# Prompt:
What you produce should be an exact transcription of the data, minus any pictures.

# Given material:
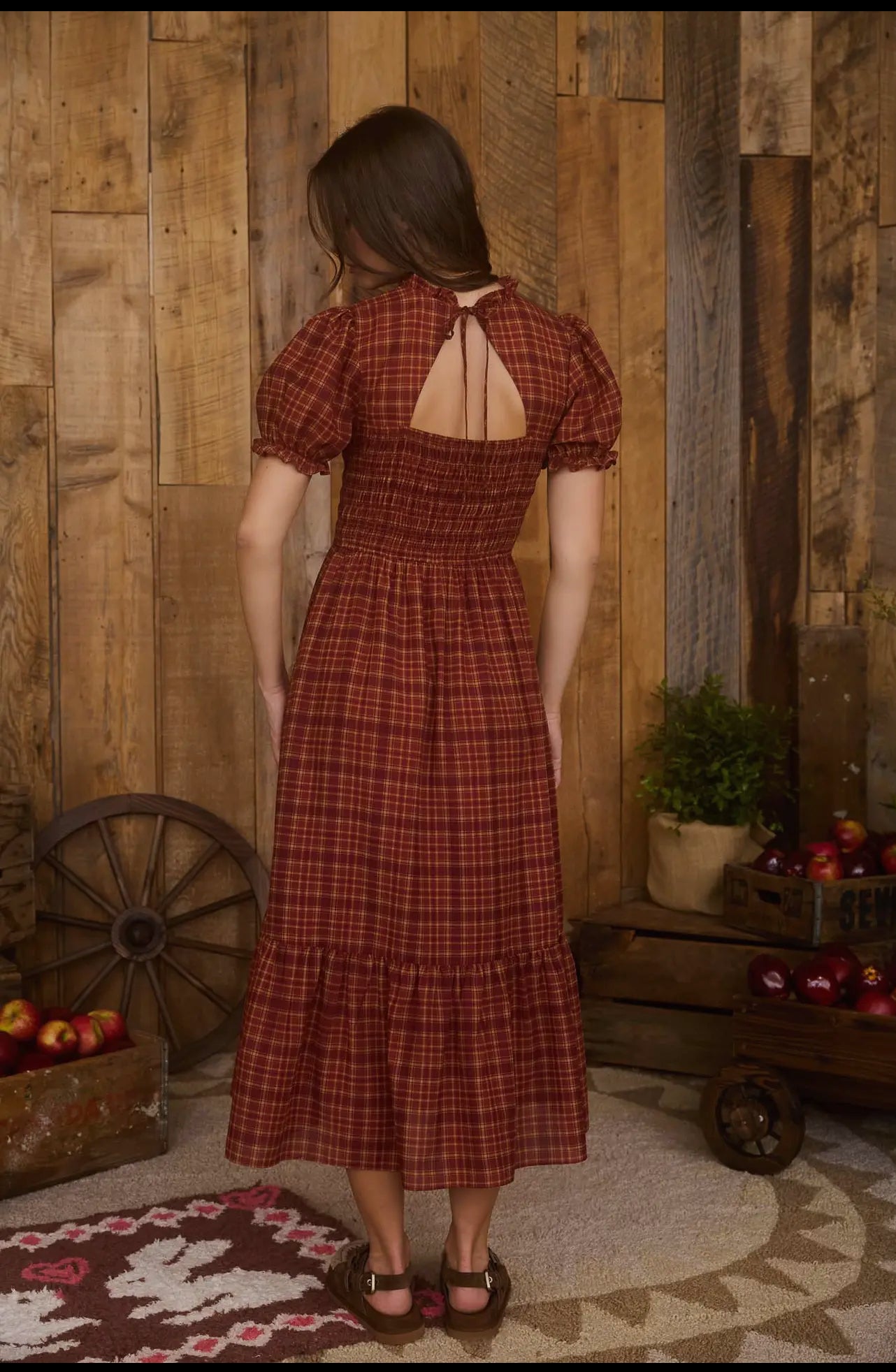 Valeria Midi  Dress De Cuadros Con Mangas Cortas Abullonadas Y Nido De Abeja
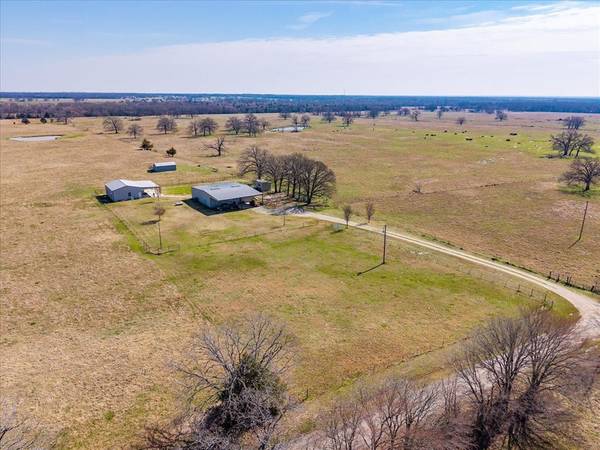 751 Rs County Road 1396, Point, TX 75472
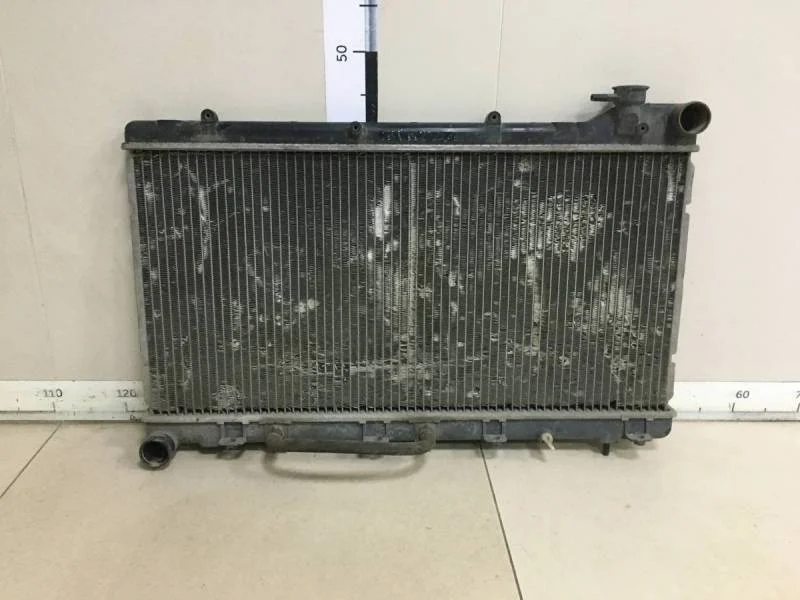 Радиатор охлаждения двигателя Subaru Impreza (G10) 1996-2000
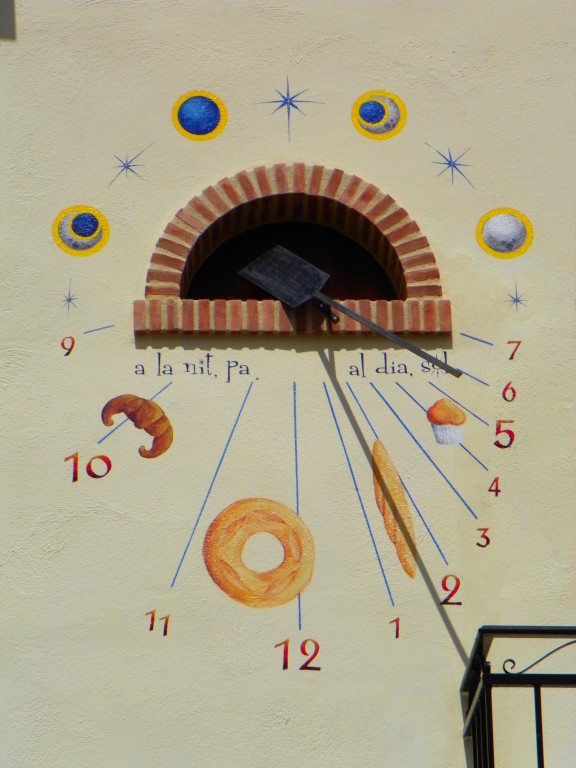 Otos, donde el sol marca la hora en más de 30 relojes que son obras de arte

# Final answer:
 Valeria Midi  Dress De Cuadros Con Mangas Cortas Abullonadas Y Nido De Abeja
 751 Rs County Road 1396, Point, TX 75472
 Радиатор охлаждения двигателя Subaru Impreza (G10) 1996-2000
 Otos, donde el sol marca la hora en más de 30 relojes que son obras de arte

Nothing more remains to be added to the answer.